[ExI] Self improvement

Sun Apr 24 15:54:59 UTC 2011

Eugen Leitl wrote:
> On Fri, Apr 22, 2011 at 02:40:28PM -0400, Richard Loosemore wrote:
>> Eugen Leitl wrote:
>>> On Fri, Apr 22, 2011 at 12:17:13PM -0400, Richard Loosemore wrote:
>>>
>>>> The question of whether the AIs would be friendly toward each other 
>>>> is a  matter of design, very much the same as the question of whether 
>>>> or not  they would be good at arithmetic.
>>> The difference is that "friendly" is meaningless until defined.
>>>
>>> Please define "friendly" in formal terms, including context.
>> That is not the difference at all.  It is not possible, and will never  
>> be possible, to define "friendly" in formal terms.  For the same reason  
> 
> We agree.
> 
>> that it is not possible to define "intelligent" in formal terms.
> 
> Yes; but it's irrelevant to the key assumption of people believing
> in guardian agents. Intelligence is as intelligence does, but in
> case of overcritical friendly you have zero error margin, at each 
> interaction step of open-ended evolution on the side of both the 
> guardian and guarded agent populations. There is no "oh well, we'll 
> scrap it and redo it again". Because of this you need a brittle
> definition, which already clashes with overcriticality, which
> by necessity must be robust in order to succeed at all (in order
> to overcome the sterility barreer in absence of enough knowledge
> about where fertile regions start).

This paragraph makes absolutely no sense to me.  Too dense.

>> There are other ways to effect a definition without it being "formal". I 
>> we understand the roots of human motivation, and if we understand the  
> 
> Humans are insufficiently friendly as is. The best you can do is
> to destill the ethics into a small hand-picked "the right stuff"
> tiny subpopulation. This is pretty thin, but I think it's our best
> bet.
> 
>> components of human motivation in such a way that we can differentiate  
>> "empathic" behavior from other kinds, like selfishly aggressive  
>> behavior, then we could discover that (as seems likely) these are  
>> impemented by separable modules in the human brain.
> 
> I'm not sure the brain is sufficiently modular to allow for such
> easy extraction.

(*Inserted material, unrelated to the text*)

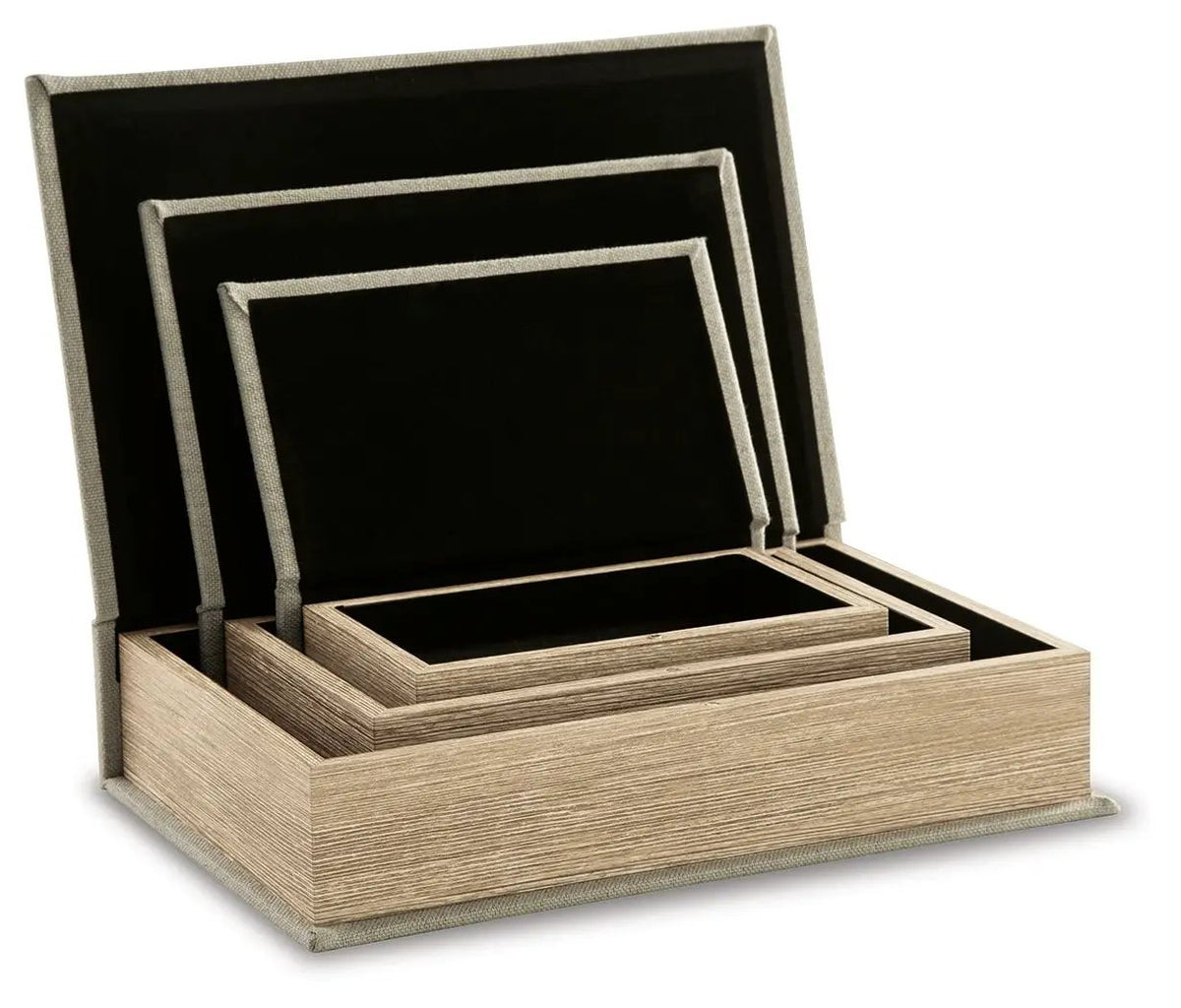 Jolina Keepsake Box Set | Set Of 3 | Linen Cover | Black Velvet Lining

But this definitely warrants further research.

It is not really a matter of the brain's modularity.

This is something I have been working on for a very long time, so the 
line of my argument is nowhere near as simple as "find the right brain 
modules and we're done".

The actual argument (which I always have to oversimplify for brevity) is 
that:

1)  In order to understand cognition (not motivation, but tought 
proceses) it is necessary to take an approach that involves multiple, 
simultaneous, dynamic, weak constraint satisfaction (a mouthful: 
basically, a certain type of unusual neural computation).

2)  For theoretical reasons, it is best to have the motivation of such a 
system *decoupled* from the relaxation network..... meaning, that the 
motivation process is not just oe part of the activity involved in 
thinking, its origin lies outside the flow of thought.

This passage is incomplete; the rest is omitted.